Before there was “data science”, as most of us will recall, there was simply “data”. It was straightforward.
The blossoming discipline of data science has emerged. Here are ten phrases that surround the hot new world of data science.
1. Do we have an alpha?
Finding an “alpha” mostly refers to finding a formula for anticipating the ups and down of some stocks, bonds or currencies. An alpha is built around sets of data and selected algorithms.
The purpose of identifying this formula is to attempt to buy or sell at the most optimal time. The advantages are most often temporary, and the financial markets usually adjust to them.
Obtaining such an advantage can apply to many other fields such as spotting the best customers, the best executives to contact or the best timing to contact them (for example, following a recent promotion) for sales or other purposes.
2. Should we cluster?
When observing thousands of data points, grouping these data points by similarities in sets ranging usually from ten to fifty is called “clustering”.
Interpreting and leveraging the data can then become much easier. Algorithms are instrumental at optimizing similarities by minimizing the distances between data points.
Understanding the similarities in within 75,000 companies is a Herculean task. Using an algorithm to unveil the 10-12 most typical corporate organizations is bringing many insights.
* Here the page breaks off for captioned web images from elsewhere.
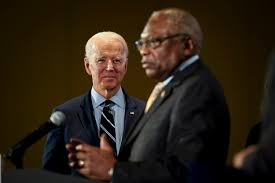 Image result for Bidens buchneri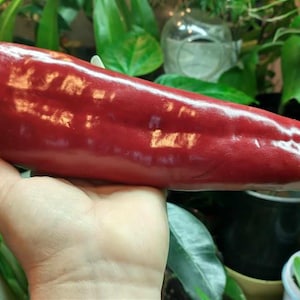 Op de afbeelding: Een grote, langwerpige rode paprika, vastgehouden in een hand, met een glanzend oppervlak. De paprika heeft een helderrode kleur en ziet er vers uit. De achtergrond bevat groen gebladerte en een glimp van een glazen container.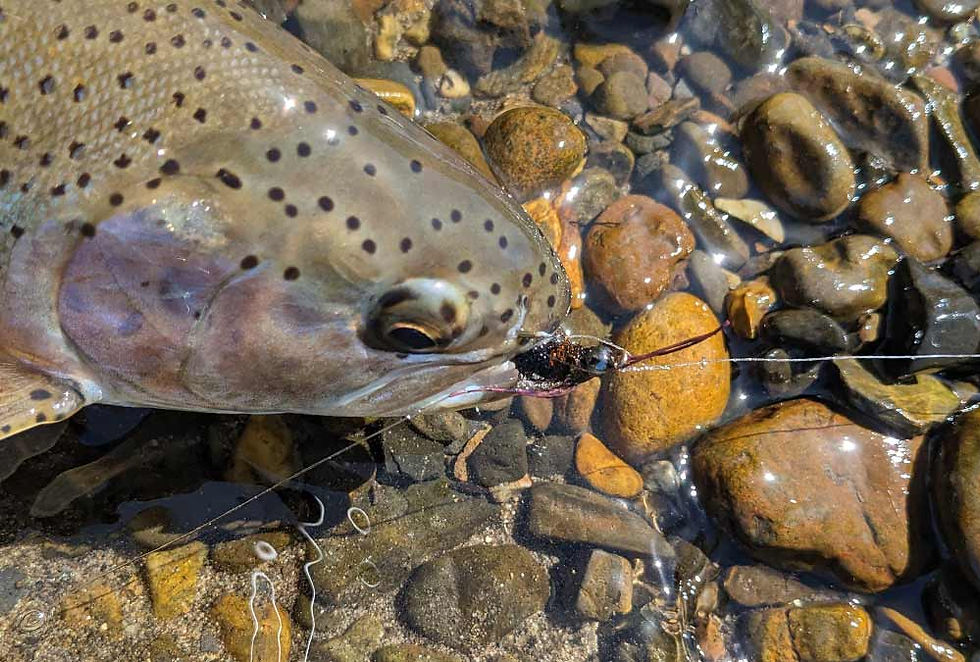 Fly Fishing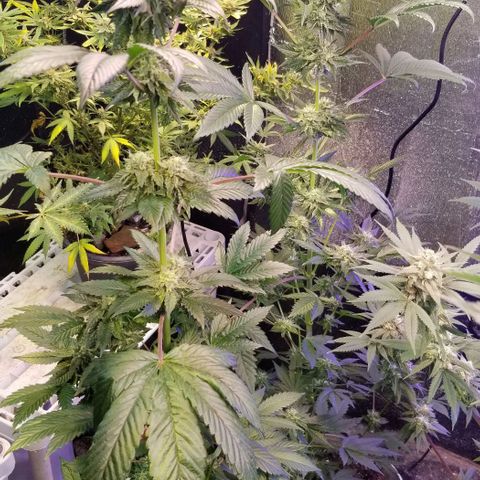 GMO x Purple Sweets growlog photo: Vanilla Frosting 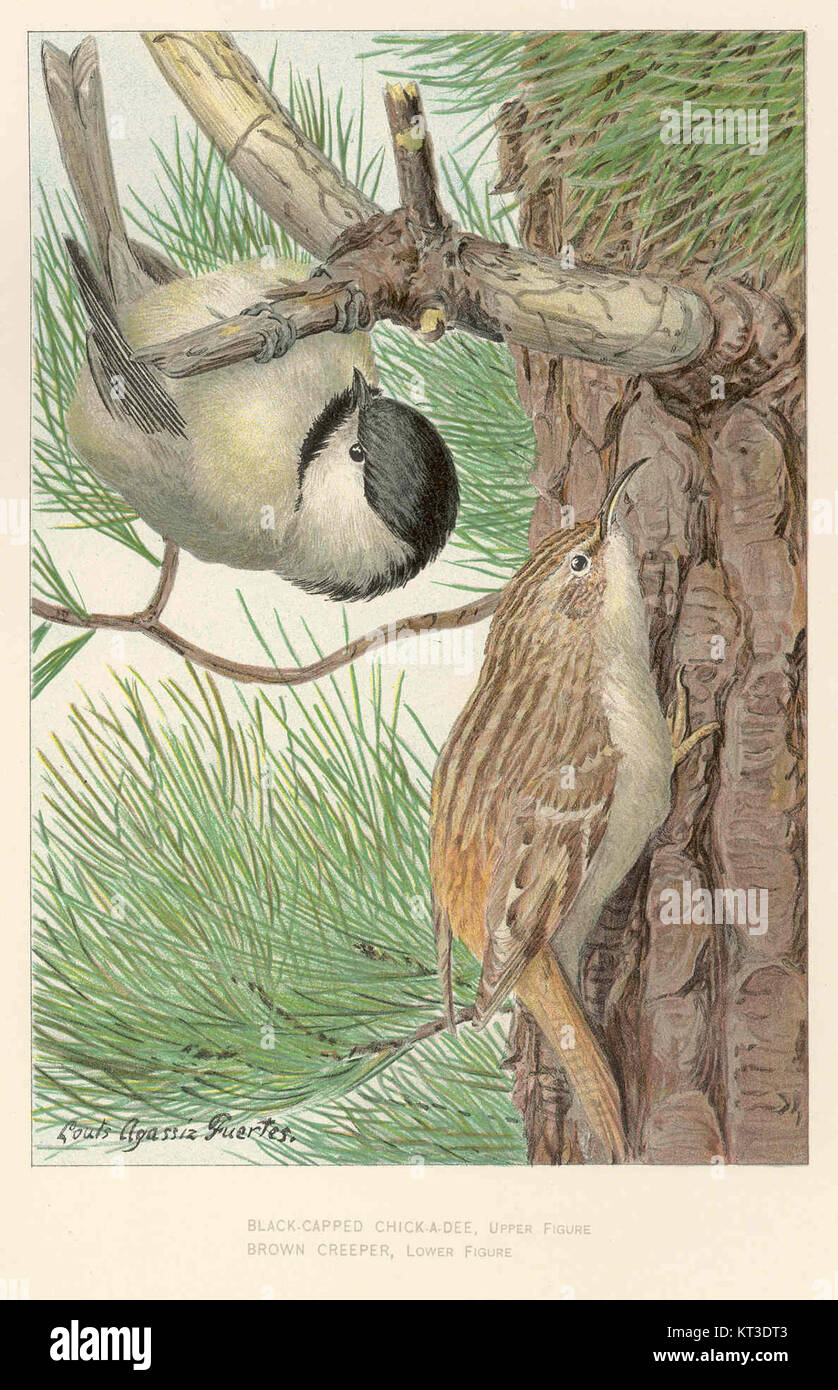 Le Chickadee à coiffe noire (Poecile atricapillus) est un petit oiseau chanteur nord-américain non migrateur. Caractérisé par son chapeau et son bavoir noirs, ses joues blanches et son dos gris, il est couramment trouvé dans les forêts feuillus et mixtes. Banque D'Images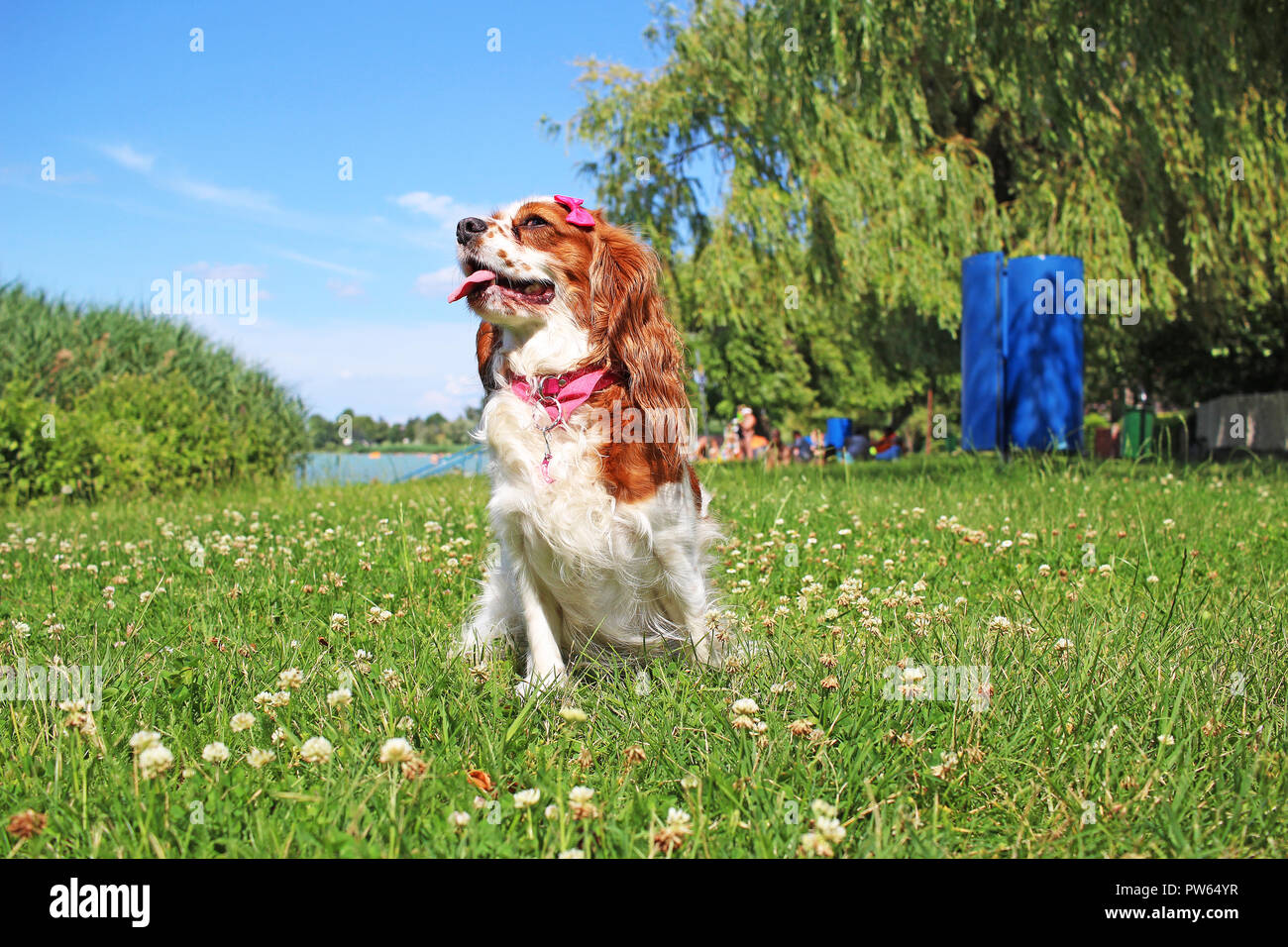 Dog on the beach travelling with pets. Pet animal trip. Stock Photo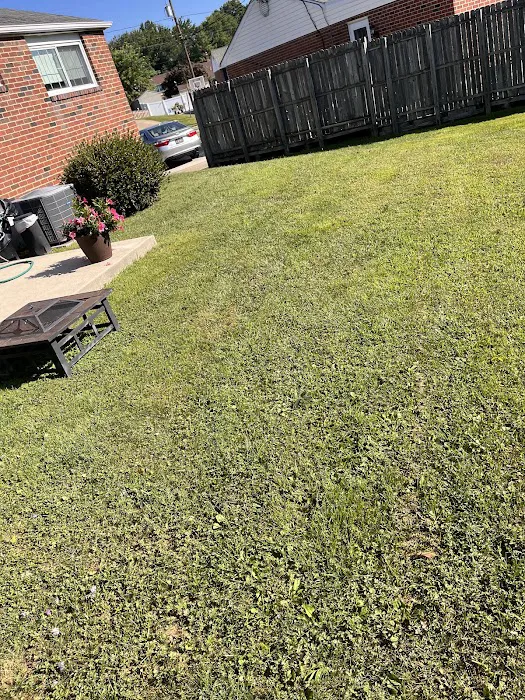 Aptive Pest Control Picture 10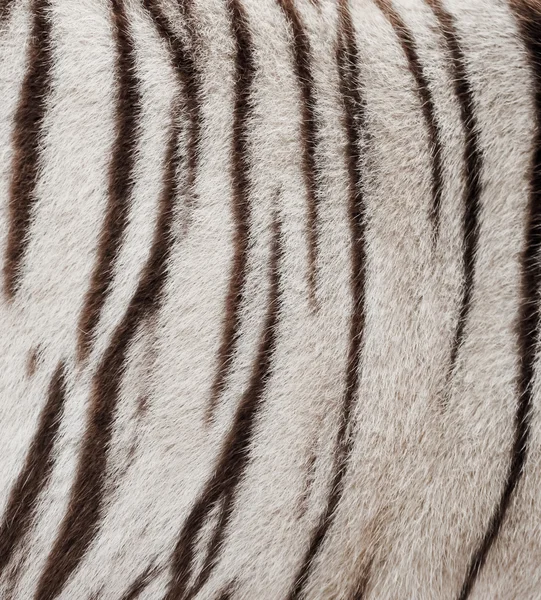 Weißes Benzal-Tigerfell — Stockfoto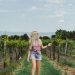 Vineyard Adventures: Discovering the Hidden Gems of Central Virginia’s Wine Scene
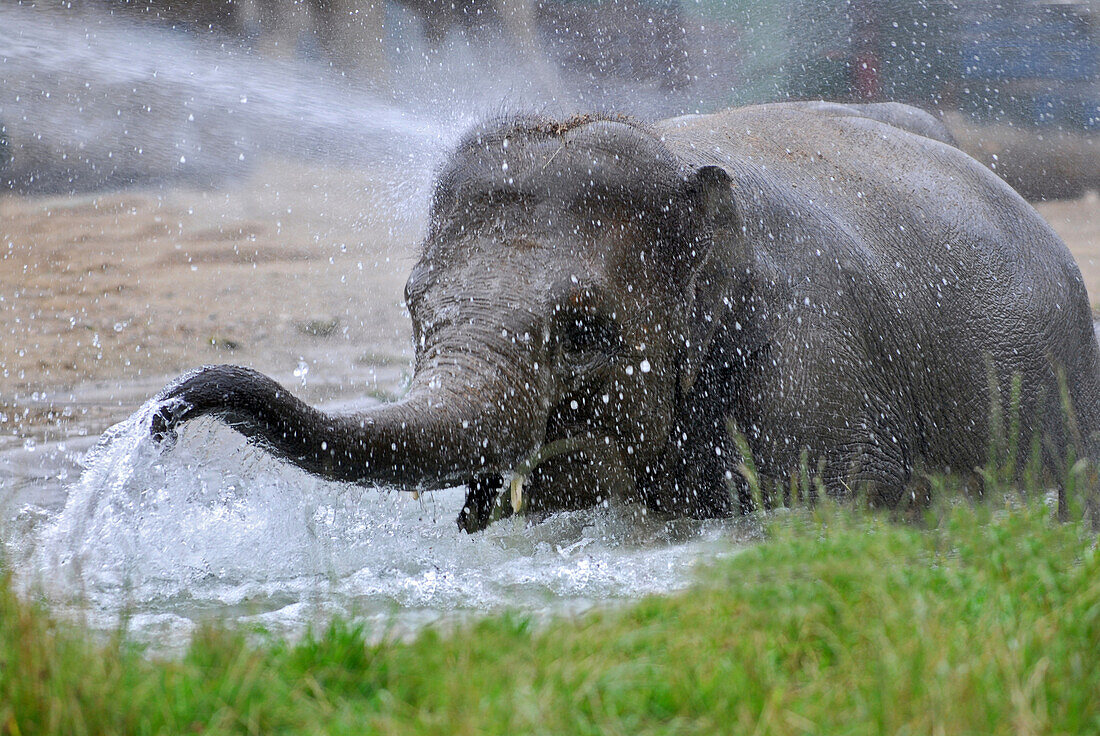 Elephant bathing in water in Munich Zoo, Tierpark Hellabrunn, Bavaria, Germany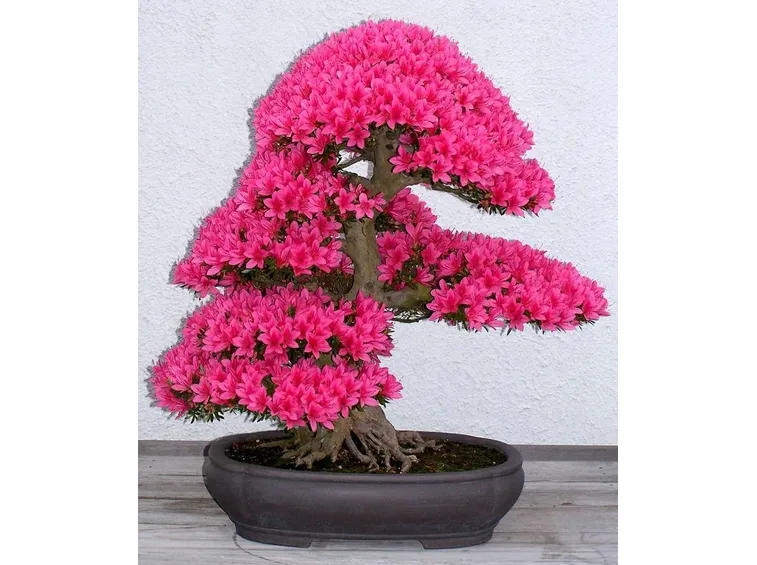 bonsai azalea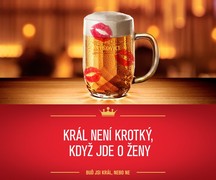 Klikni pro zvětšení Reklama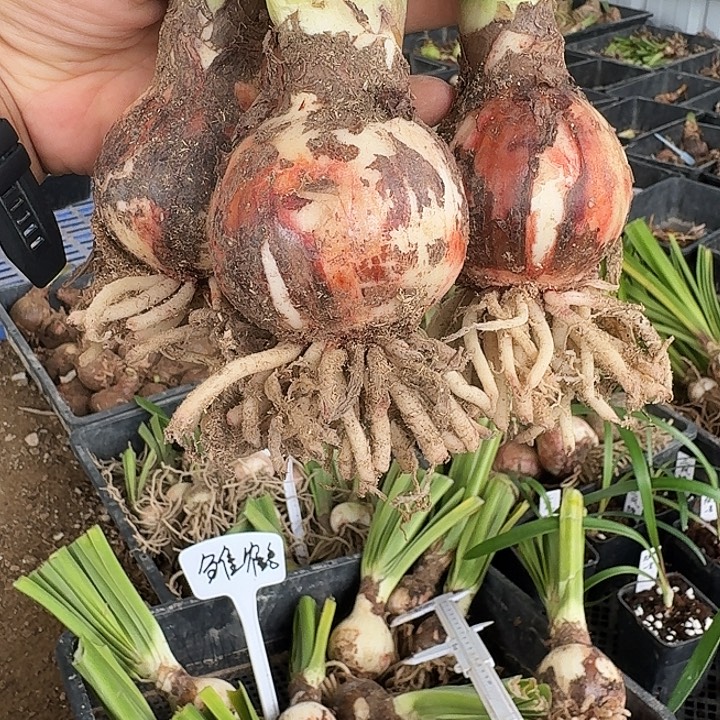 雏鹤朱顶红一棵6左右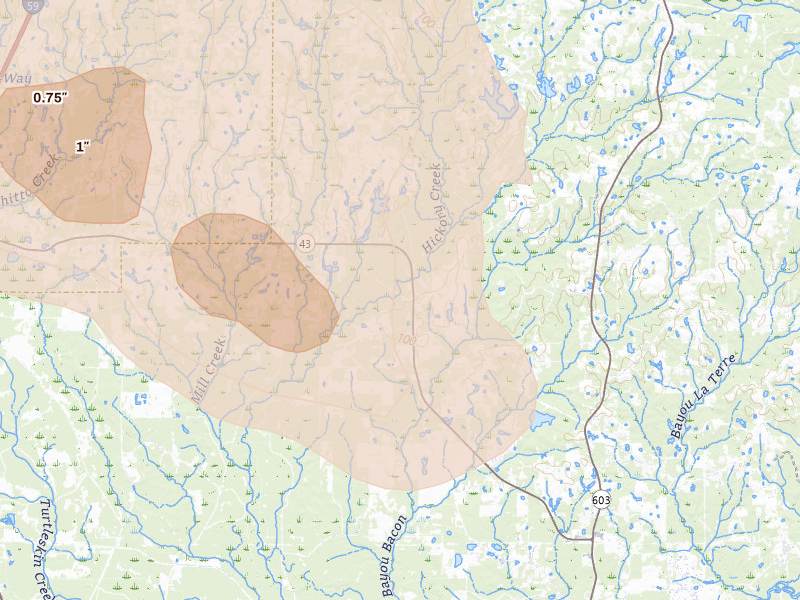Radar-estimated hail-size map of the storm over Picayune, MS on Apr 29, 2026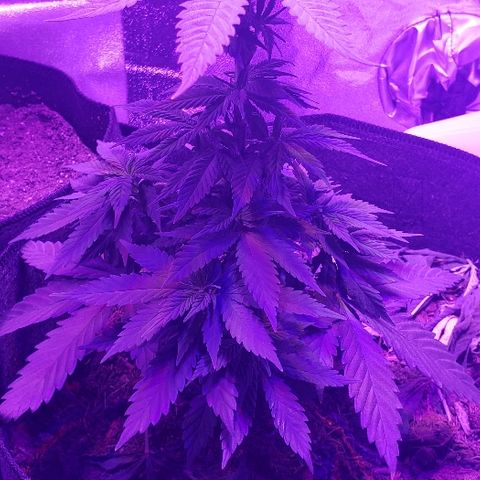 Muskoka Kush #2 Veronica  growlog timeline photo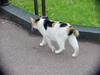 House Cat of Hibiya Park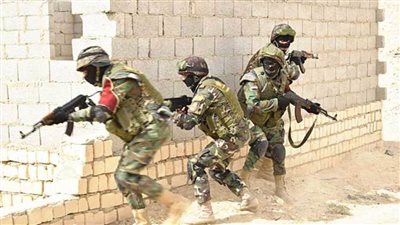 من 306 عمليات في 2013 إلى صفر.. كيف انتصرت مصر على الإرهاب؟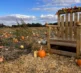 Pumpkins 2026 Field 9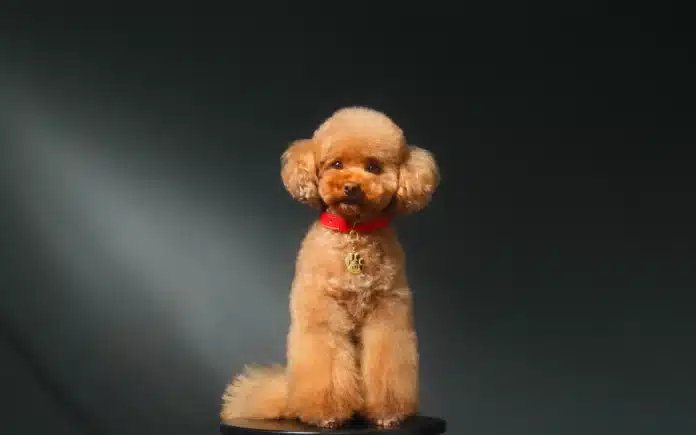 Dolce&Gabbana psí parfém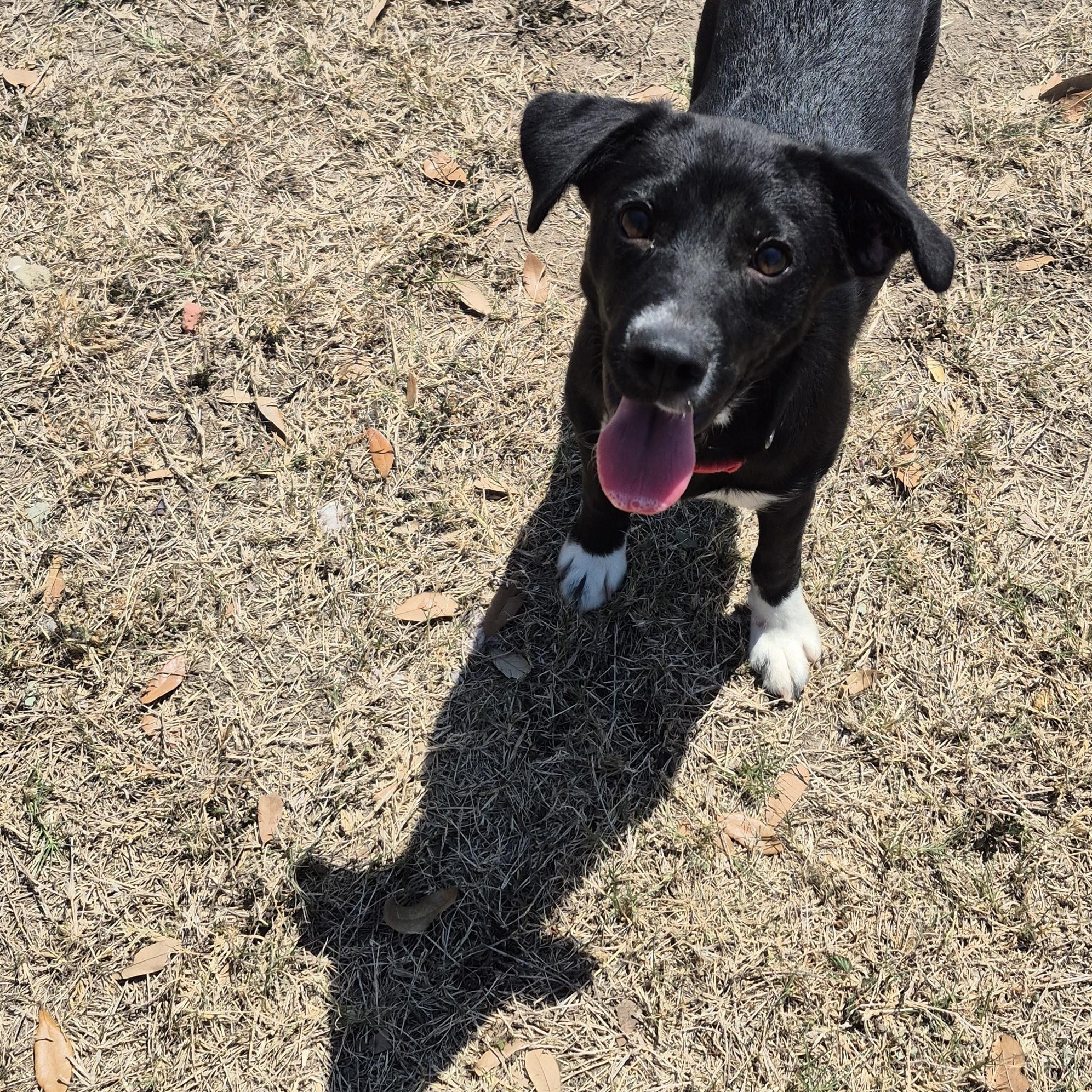 Enlarge Gravity Blue, a ADOPTABLE Mixed Breed in Schertz, TX image 4/4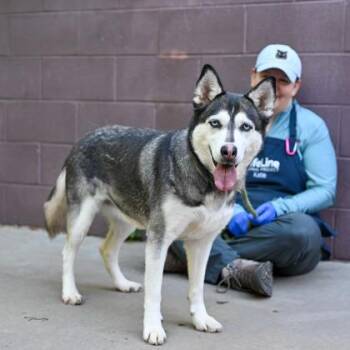 Mixed Breed Dogs Available for Adoption in Chamblee, Georgia - Maxine | PetCurious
3. How fast will the algorithm learn?
Algorithms are trained on an initial set of data. As both more data and more feedback are collected, the algorithm is recalculated periodically to provide better and better results.
Some algorithms become excellent after a few loops; still others can progress after thousands of loops as they solve more and more cases.
4. How many layers do we have?
Neural networks usually have less than ten layers. With only three layers, one can often mimic very complex sets of rules that would be impossible to otherwise formulate.
Some neural networks now have over 100 layers showing how computational these networks have become.
5. Have you found some good libraries?
Many advanced algorithms are openly available. Many sets of structured maps and dictionaries, for instance, are available. Knowing these libraries is a fantastic way to benefit from debugged, tested, verified codes and data sets.
Data science has become about assembling and gluing the right blocks. Selecting the best blocks is an art, and a key step toward success.
6. Do you speak Python?
The most common programming languages include Python, R, Lisp, Prolog and Java. Each of them has its “raison d’être”.
Yet, Python has become the most universal in recent years, and its developments and updates will most likely make it much easier over time.
7. What are the options to vectorize?
Algorithms are great at handling big vectors with 100s of figures and large matrixes. As such, the way a large practical problem is going to be morphed mathematically is through a set of “vectors”.
There are many ways to transform a picture, text, traffic or directory in a set of figures that subsequently can be handled and transformed technically.
Finding one that works is sometimes a daunting task but is the prerequisite to ultimate success.
8. Can the algorithm be interpreted?
Algorithms are sometimes so complex that they appear something like a magic black box.
We love them because they work well but also because we have not yet encountered cases in which they fail.
As a decision-maker, you may want to understand the principles on which the algorithms are working make sense and are safe. Encouragingly, this is a growing trend in data science.
9. What is the expected false positive rate?
When deciding to hire an applicant, the decision confronted is a simple yes or no.
But the challenge is to understand the “true positive” (you hire and were right to hire), the “false positive” (you hire but were wrong to hire) the “true negative” (you were right not to hire), the “false negative” (you did not hire and missed a great applicant).
Algorithms can be fine-tuned to identify and favor the most desirable compromises that confront business decisions.
10. Do we generate weird results?
If your algorithm is to optimize water, heat, light and fertilizer to grow tomatoes until they are gorgeously red, that is a great algorithm for growing red tomatoes.
But it is unlikely to be helpful if you are growing green beans to become red.
Algorithms excel at dedicated tasks. But human judgment ultimately is irreplaceable.